Problem = Only those lines in the data below from the line containing "Load image into" through the line containing "Cadillac Lyriq 2023", both included, should be restated word for word.

Dataset extract =
*** Block opens ***
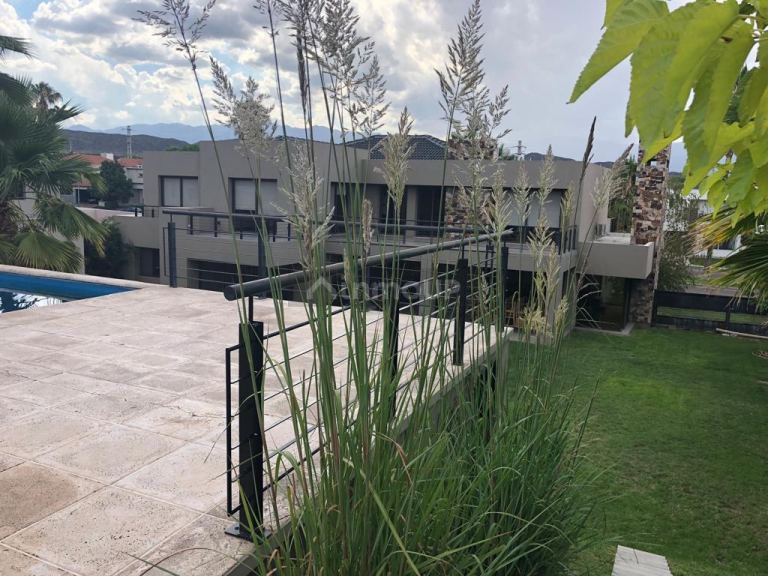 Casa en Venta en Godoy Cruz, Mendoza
*** Block closes ***
*** Block opens ***
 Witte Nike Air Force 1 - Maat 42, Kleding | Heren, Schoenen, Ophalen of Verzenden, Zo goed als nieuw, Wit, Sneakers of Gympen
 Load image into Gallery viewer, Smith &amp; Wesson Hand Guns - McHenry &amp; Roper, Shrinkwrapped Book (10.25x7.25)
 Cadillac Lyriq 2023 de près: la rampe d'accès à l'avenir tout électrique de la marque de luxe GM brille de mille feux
*** Block closes ***
Task answer =
 Load image into Gallery viewer, Smith &amp; Wesson Hand Guns - McHenry &amp; Roper, Shrinkwrapped Book (10.25x7.25)
 Cadillac Lyriq 2023 de près: la rampe d'accès à l'avenir tout électrique de la marque de luxe GM brille de mille feux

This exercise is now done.